The gap between the Pac-12 and the other Power Five Conferences in terms of performance, revenues, facilities, and TV exposure is becoming an abyss. With four more years before the conference can negotiate a new TV deal, it’s only going to get worse.
Yet tone deaf Larry Scott, the highest-paid but lowest achieving commissioner in college sports, stayed in a $7,500 a night suite, complete with a butler, during the Pac-12 tourney in Las Vegas. Yes, the suite was comped, but the optics were still awful.
Deliciously, the Pac-12 Network reportedly wasn’t carried on the TV in his room.
In a recent, contentious conference meeting, the Pac-12 athletic directors apparently staged a mini-coup against Scott, demanding answers and wresting control of a number of initiatives.
It’s about time.
Antonio Revisited: A couple subscribers took issue with my suggestion last week that the Raiders scored a coup in getting All-Pro wide receiver Antonio Brown for third and fifth-round draft choices because he’s a jerk and may disrupt the Oakland/Las Vegas locker room.
I fully understand Brown’s bad rep, but I guess I’d respond this way.
1) The NFL has a lot of jerks. If you’re going to have a jerk, at least have one that catches 100 passes a year.
2) The Raiders have taken a chance on malcontents before and done quite well. They won three Super Bowls with a roster that wasn’t exactly made up of choir boys.

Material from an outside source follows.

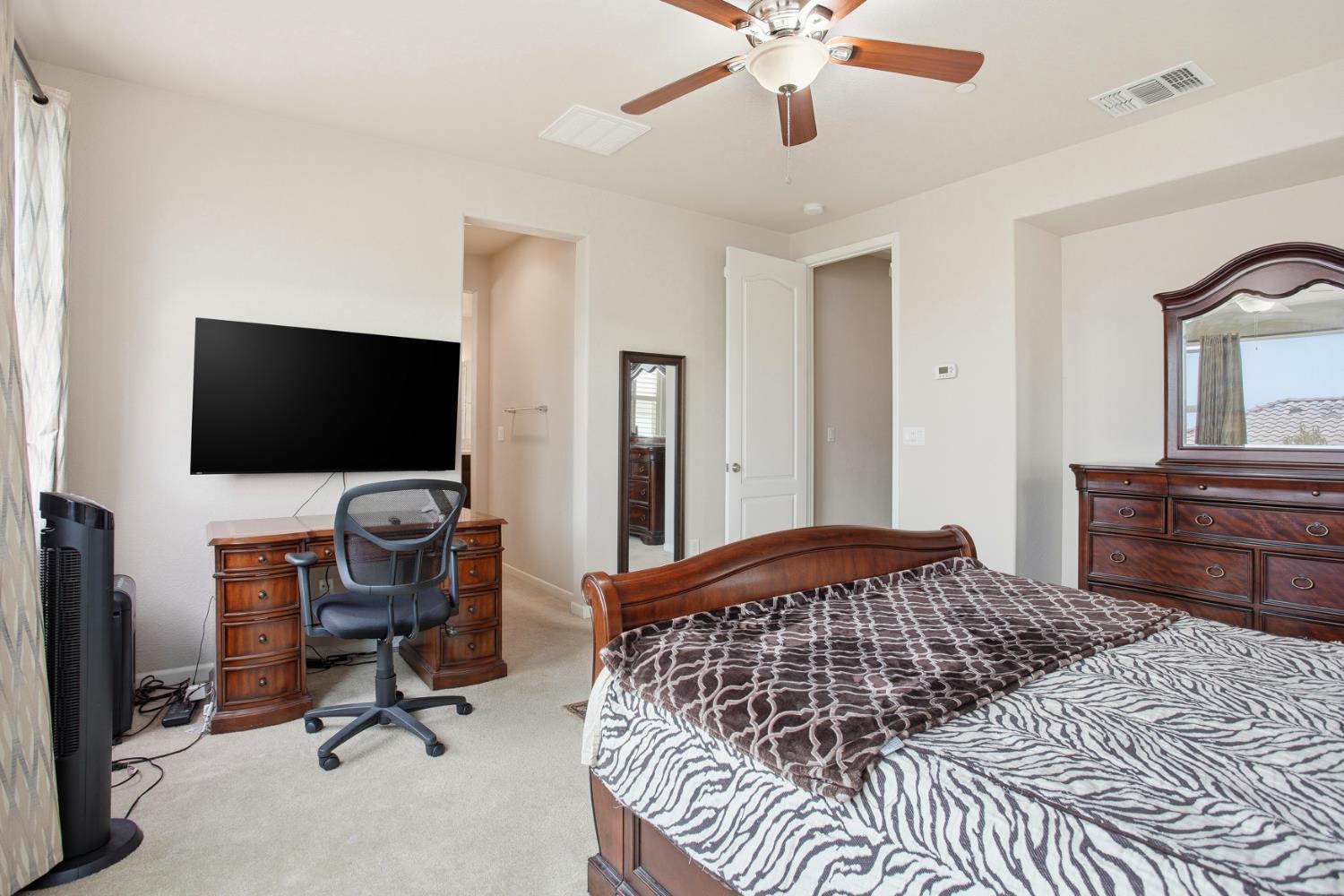 9729 Allen Ranch Way Elk Grove, CA 95757 - Photo 25 of 36 a bedroom with a bed and flat screen tv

3) There’s something bad going down in Pittsburgh. When your two best players are so desperate to leave (Brown demanding a trade and LeVeon Bell sitting out the season), you know something’s amiss.

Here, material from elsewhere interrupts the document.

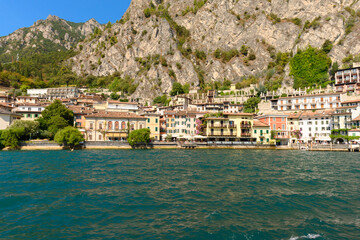 The beautiful Garda lake in Italy, seen from onboard a tourist ferry. It is a beautiful summer day, with just a little bit of clouds.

4) Brown is one of the three best receivers in the league. If he was disruptive in the locker room, he certainly wasn’t on the field. All he did was catch 104 passes for 1297 yards and 15 touchdowns. In fact, he’s caught over 100 passes for the last six years, during which he scored 67 touchdowns and made first-team All-Pro four times.
Only time will tell, but I think it was a risk worth taking, particularly given what little they had to give up.
Brown #2: The Raiders inked another free-agent named Brown, Patriots’ offensive tackle Trent Brown, to a four-year deal that made him the richest offensive lineman in the game. Brown, a giant of a man at 6-8, 380 pounds, protected Tom Brady’s blind side this year for the Super Bowl champions. And he did it well.
Ironically, Brown was originally drafted by the 49ers out of Florida, but they gave up on him after a year, shipping him to New England along with a fifth-round draft choice in exchange for a third-round pick. He missed most of the 2017 season with an injury but blossomed into one of the NFL’s best linemen last fall.
Perhaps the happiest man on the planet is Raiders’ quarterback Derek Carr, who was sacked 52 times last season.
NFL values: Brown’s contract was representative of a recent trend in the NFL, whereby pass protectors and pass rushers are highly valued while running backs are seen as expendable parts. Consider that last week the 49ers agreed to pay edge rusher Dee Ford $87.5 over five years and linebacker Kwon Alexander $54M over four. Meanwhile, versatile running back Tevin Coleman got just $8.5 over two years.